* Assignment
Reproduce the listing that follows word for word, without its pictures.

==============================

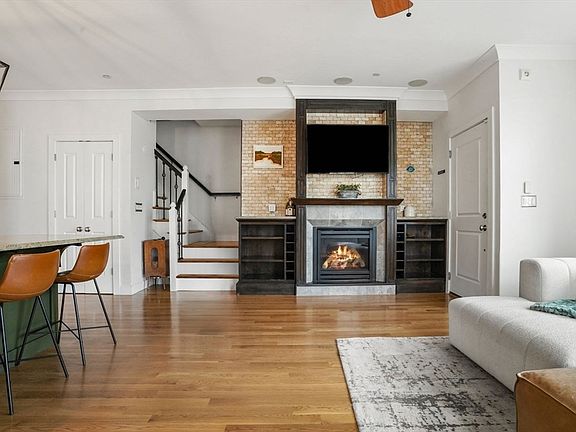 3rd image of 235 Gold St Unit 3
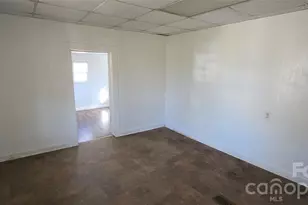 227 Brixton Pl SW, Lenoir, NC 28645 - Photo 5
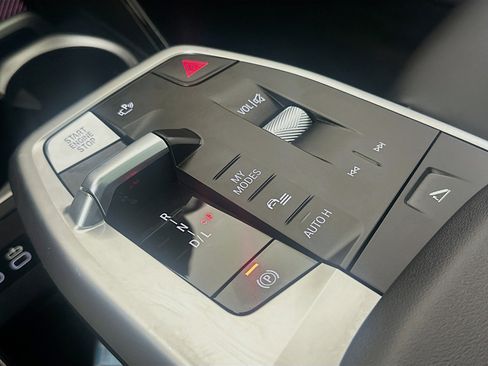 Used 2025 BMW X2 xDrive28i image 25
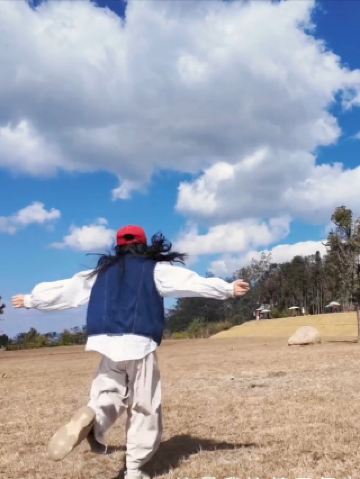 Falling in love with Tengchong is so easy: hot springs, volcanoes, and tea plantations – a healing winter getaway.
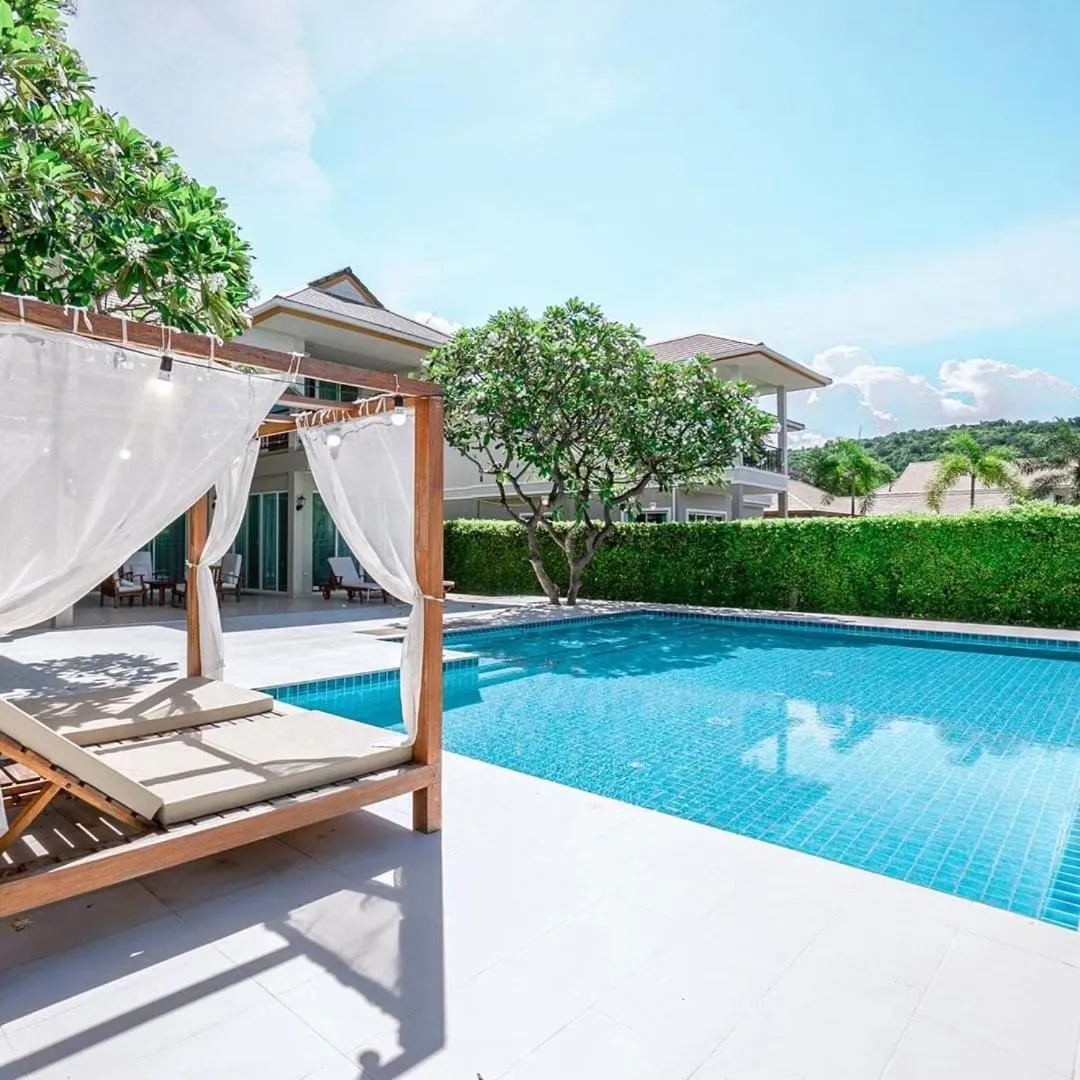 SeaRidge Hua Hin Resort & Poolvilla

==============================

* Answer to this task
 3rd image of 235 Gold St Unit 3
 227 Brixton Pl SW, Lenoir, NC 28645 - Photo 5
 Used 2025 BMW X2 xDrive28i image 25
 Falling in love with Tengchong is so easy: hot springs, volcanoes, and tea plantations – a healing winter getaway.
 SeaRidge Hua Hin Resort & Poolvilla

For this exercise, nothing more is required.